- _Work required_
Print the line containing "Jake Hoback Knives", then every line after it through the end of the material, exactly as written and without pictures.

- _Task inputs_

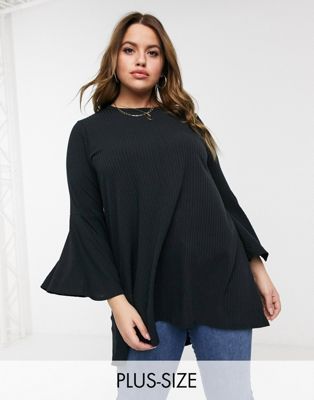 Yours ribbed flare sleeve top in black | ASOS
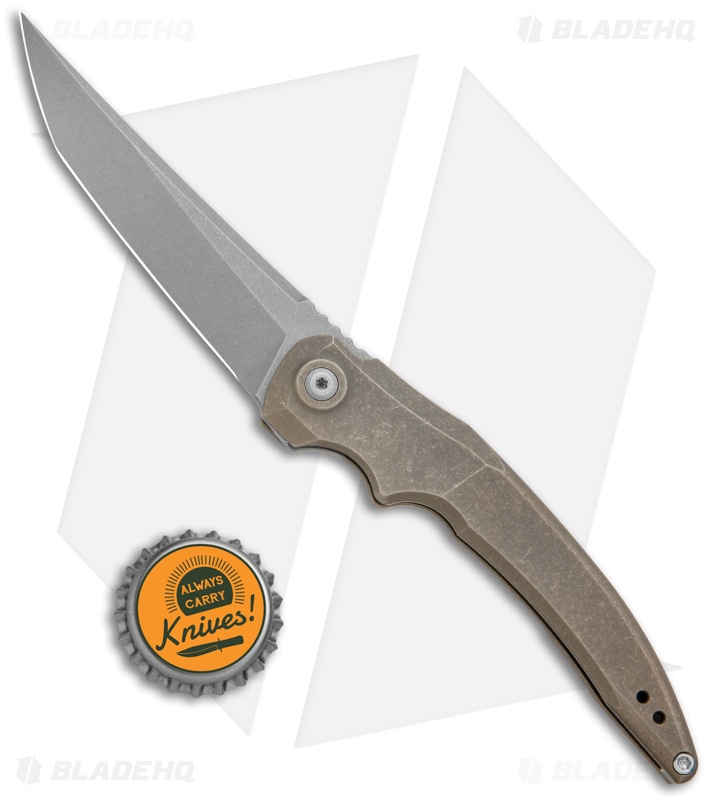 Jake Hoback Knives Sliver Frame Lock Knife Bronze Ano Ti (3.8" Stonewash)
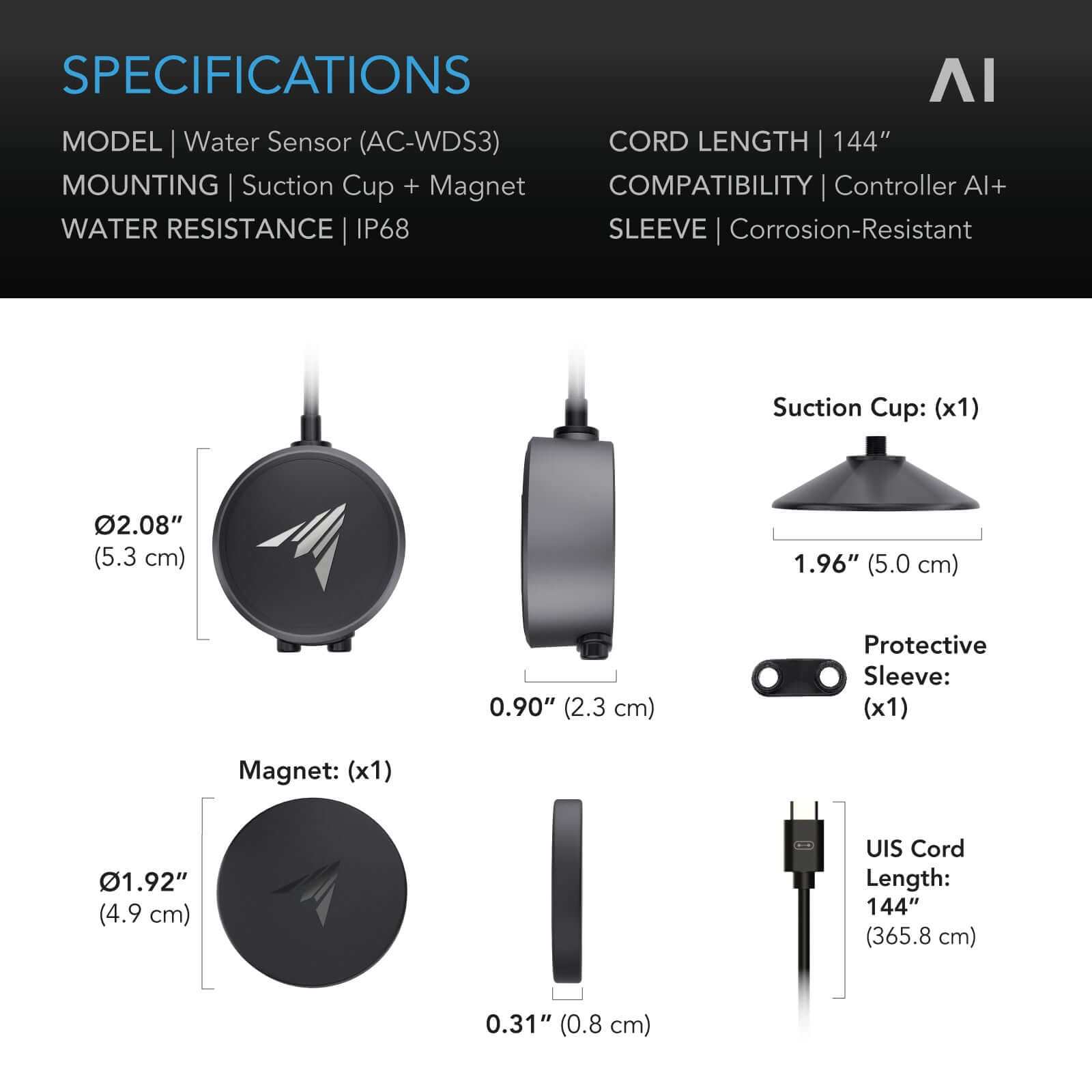 AC Infinity Water Sensor Exclusively for Controller AI+, Liquid Presence Detection, IP68-Water Resistant - Midwest Grow LLC
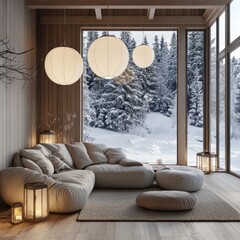 A cozy living room with a snowy winter forest view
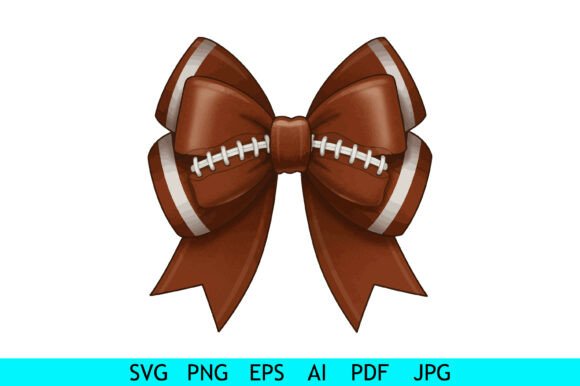 Football Themed Decorative Ribbon Bow: Graphics for Crafts & Content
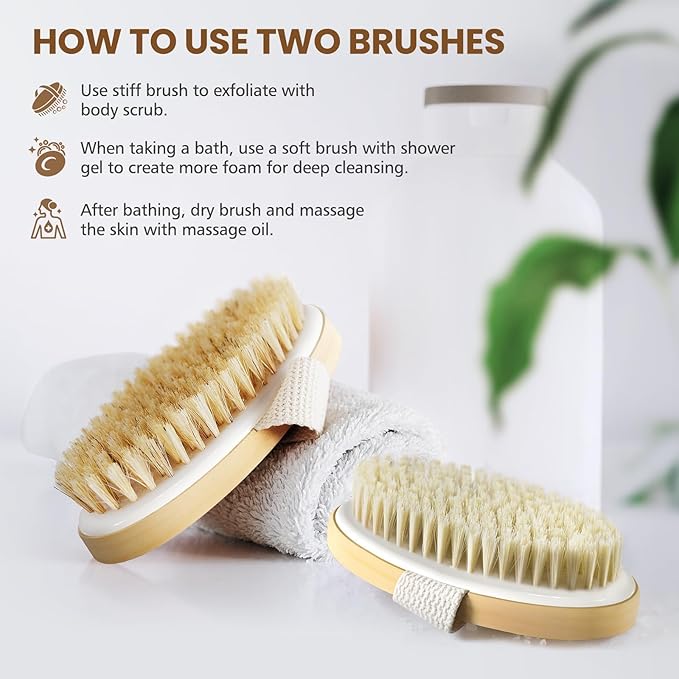 POPCHOSE Dry Brushing Body Brush, Natural Bristle Dry Skin Exfoliating Brush - Image 5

- _Result of this task_
 Jake Hoback Knives Sliver Frame Lock Knife Bronze Ano Ti (3.8" Stonewash)
 AC Infinity Water Sensor Exclusively for Controller AI+, Liquid Presence Detection, IP68-Water Resistant - Midwest Grow LLC
 A cozy living room with a snowy winter forest view
 Football Themed Decorative Ribbon Bow: Graphics for Crafts & Content
 POPCHOSE Dry Brushing Body Brush, Natural Bristle Dry Skin Exfoliating Brush - Image 5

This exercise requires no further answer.